[Goal of the exercise]: In the data below, find the line that contains "small crochet boba" and the line that contains "GONTHWID Hawaiian Beach". Copy both, plus every line between them, exactly.

[Material provided]:
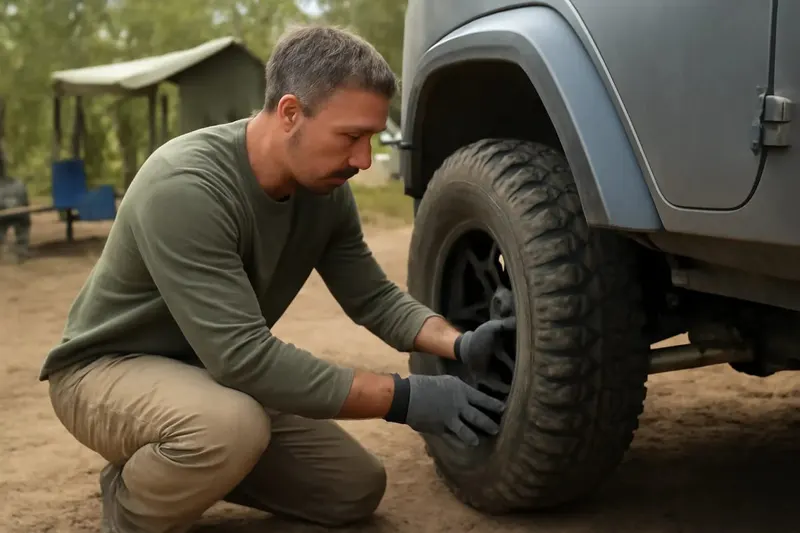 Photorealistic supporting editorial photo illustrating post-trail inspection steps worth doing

---

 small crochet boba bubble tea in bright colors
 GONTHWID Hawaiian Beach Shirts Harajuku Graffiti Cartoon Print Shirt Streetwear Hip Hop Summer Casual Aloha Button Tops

[Solution to this exercise]:
 small crochet boba bubble tea in bright colors
 GONTHWID Hawaiian Beach Shirts Harajuku Graffiti Cartoon Print Shirt Streetwear Hip Hop Summer Casual Aloha Button Tops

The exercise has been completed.